How to complete this task
With the line containing "Karabük’te anız yangını söndürüldü" as the starting point, output every line of the data below through its final line, character for character.

Stored data
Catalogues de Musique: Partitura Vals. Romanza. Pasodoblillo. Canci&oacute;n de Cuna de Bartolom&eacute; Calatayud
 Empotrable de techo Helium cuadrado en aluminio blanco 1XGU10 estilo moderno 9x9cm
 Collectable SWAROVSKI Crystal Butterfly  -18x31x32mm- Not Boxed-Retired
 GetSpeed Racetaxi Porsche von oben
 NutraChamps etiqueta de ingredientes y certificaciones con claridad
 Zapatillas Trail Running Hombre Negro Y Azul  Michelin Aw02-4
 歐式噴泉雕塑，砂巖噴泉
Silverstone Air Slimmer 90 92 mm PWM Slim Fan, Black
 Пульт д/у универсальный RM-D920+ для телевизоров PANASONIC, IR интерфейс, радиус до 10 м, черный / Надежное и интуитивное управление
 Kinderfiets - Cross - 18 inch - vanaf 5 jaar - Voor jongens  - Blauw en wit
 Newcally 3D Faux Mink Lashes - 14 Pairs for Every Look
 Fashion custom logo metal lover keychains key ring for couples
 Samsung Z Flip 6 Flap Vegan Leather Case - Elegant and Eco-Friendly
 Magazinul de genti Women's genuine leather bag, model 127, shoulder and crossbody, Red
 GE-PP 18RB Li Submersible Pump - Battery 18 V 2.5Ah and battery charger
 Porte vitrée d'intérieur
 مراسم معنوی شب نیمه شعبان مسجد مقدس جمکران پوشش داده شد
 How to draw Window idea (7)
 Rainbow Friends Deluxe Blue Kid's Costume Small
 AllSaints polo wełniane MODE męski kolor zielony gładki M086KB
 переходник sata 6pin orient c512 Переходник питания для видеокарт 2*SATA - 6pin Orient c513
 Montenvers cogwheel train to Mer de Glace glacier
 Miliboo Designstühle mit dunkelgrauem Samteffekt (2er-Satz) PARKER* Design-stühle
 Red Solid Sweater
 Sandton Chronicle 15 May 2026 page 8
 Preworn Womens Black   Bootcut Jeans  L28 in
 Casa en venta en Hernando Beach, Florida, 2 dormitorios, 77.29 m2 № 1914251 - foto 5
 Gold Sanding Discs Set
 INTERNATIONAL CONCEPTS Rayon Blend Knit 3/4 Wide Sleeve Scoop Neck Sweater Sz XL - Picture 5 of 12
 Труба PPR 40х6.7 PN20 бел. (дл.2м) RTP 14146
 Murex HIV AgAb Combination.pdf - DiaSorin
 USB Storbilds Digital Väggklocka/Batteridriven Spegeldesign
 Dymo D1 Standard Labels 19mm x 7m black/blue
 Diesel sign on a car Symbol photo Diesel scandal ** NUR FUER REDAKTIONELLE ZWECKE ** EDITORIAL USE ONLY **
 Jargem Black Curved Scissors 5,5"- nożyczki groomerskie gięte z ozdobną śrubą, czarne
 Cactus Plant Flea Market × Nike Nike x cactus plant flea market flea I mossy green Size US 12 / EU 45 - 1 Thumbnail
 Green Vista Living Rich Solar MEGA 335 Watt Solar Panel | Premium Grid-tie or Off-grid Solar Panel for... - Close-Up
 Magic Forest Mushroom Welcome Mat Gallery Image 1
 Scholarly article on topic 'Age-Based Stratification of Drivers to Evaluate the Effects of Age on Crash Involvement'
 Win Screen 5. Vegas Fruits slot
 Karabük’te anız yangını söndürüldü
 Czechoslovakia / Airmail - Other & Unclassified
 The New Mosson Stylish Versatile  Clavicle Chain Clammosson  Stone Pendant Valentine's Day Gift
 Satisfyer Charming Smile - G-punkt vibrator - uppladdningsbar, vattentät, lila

Exercise output
 Karabük’te anız yangını söndürüldü
 Czechoslovakia / Airmail - Other & Unclassified
 The New Mosson Stylish Versatile  Clavicle Chain Clammosson  Stone Pendant Valentine's Day Gift
 Satisfyer Charming Smile - G-punkt vibrator - uppladdningsbar, vattentät, lila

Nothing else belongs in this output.